In keeping with the definition of a probiotic, Vidya is also working to determine the adequate dose needed to confer a variety of health benefits by funding a number of studies, including pre-clinical studies showing GLP-1 and insulin modulation, as well as human clinical studies using doses of 5, 7 and 10 billion CFU per day for gut, brain, and metabolic-related outcomes.
“Our current data suggests that most of the current products on the market are not dosed high enough to trigger significant GLP-1 activity, even if all the cells measured as AFUs are viable,” adds Nayak.
Akkermansia muciniphila is one of the first next-gen probiotic organisms available to consumers and is gaining attention. However, while most of these products are derived from nearly identical strains, they deliver products that are likely to differ in their levels of viable organisms.
Some of these products deliver dead organisms (intentionally-killed) which technically makes these products postbiotics; while others deliver Akkermansia enumerated as AFUs, a measure which has an unknown relationship to CFUs over the shelf-life of the product.

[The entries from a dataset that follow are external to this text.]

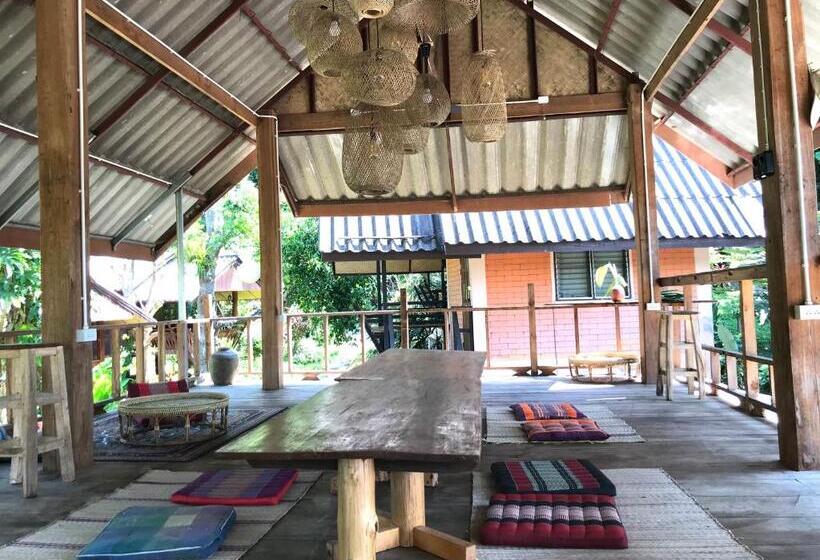 اتاق استاندارد چهارنفره با چشم‌انداز باغ, Baan Wisarut Guesthouse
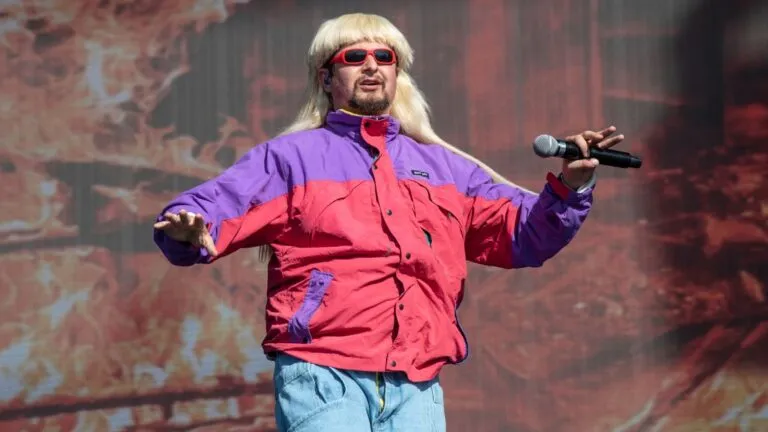 Oliver Tree durante una presentación musical antes de su fallecimiento en Brasil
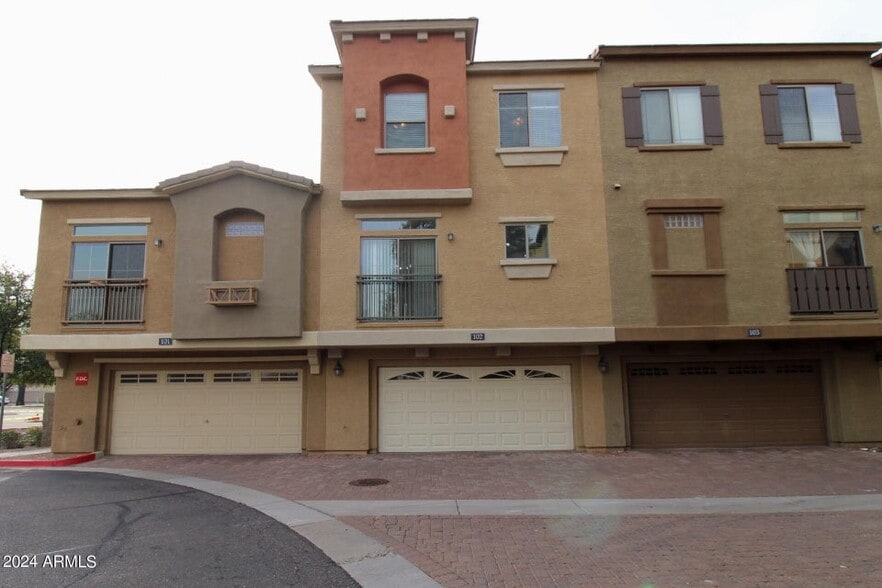 Front view showing guest bedroom with outside orange color - 3250 W Greenway Rd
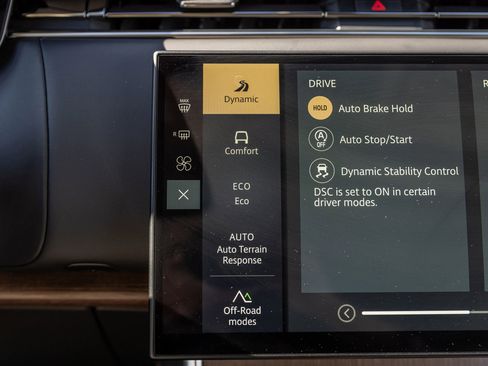 Used 2025 Land Rover Range Rover Long Wheelbase SE image 20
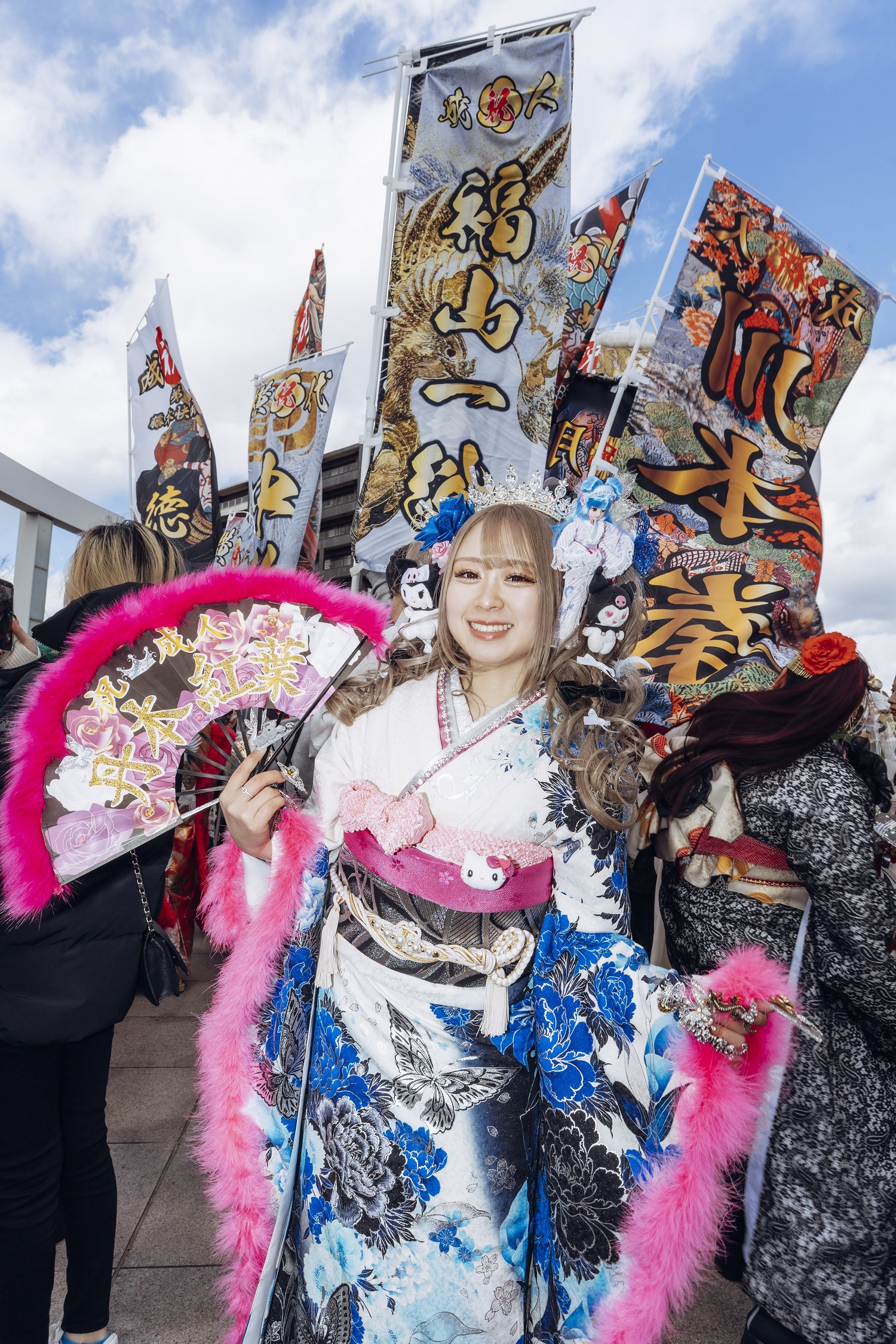 扇子を持ち華やかな衣装を身にまとった新成人の姿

Viability is critical for the delivery of all the potential metabolic benefits of keystone microbes, such as Akkermansia, and a significant hurdle to overcome if we are to fully leverage the potential of the next-gen probiotic era.
References
- Jayachandran, M.; et al. A critical review of the relationship between dietary components, the gut microbe Akkermansia muciniphila, and human health. Crit Rev Food Sci Nutr. 2020;60(13):2265-2276.
- Cani, P.D.; et al. Akkermansia muciniphila: paradigm for next-generation beneficial microorganisms. Nat Rev Gastroenterol Hepatol. 2022;19(10):625-637.
- Ioannou, A.; et al. Akkermansia muciniphila: biology, microbial ecology, host interactions and therapeutic potential. Nat Rev Microbiol. 2024.
- McFarland, L.V.; et al. From yaks to yogurt: the history, development, and current use of probiotics. Clin Infect Dis. 2015;60 Suppl 2:S85-S90.
- Wilkinson, M.G.; et al. Flow cytometry as a potential method of measuring bacterial viability in probiotic products: A review. Trends in Food Science & Technology. 2018; 78: 1-10.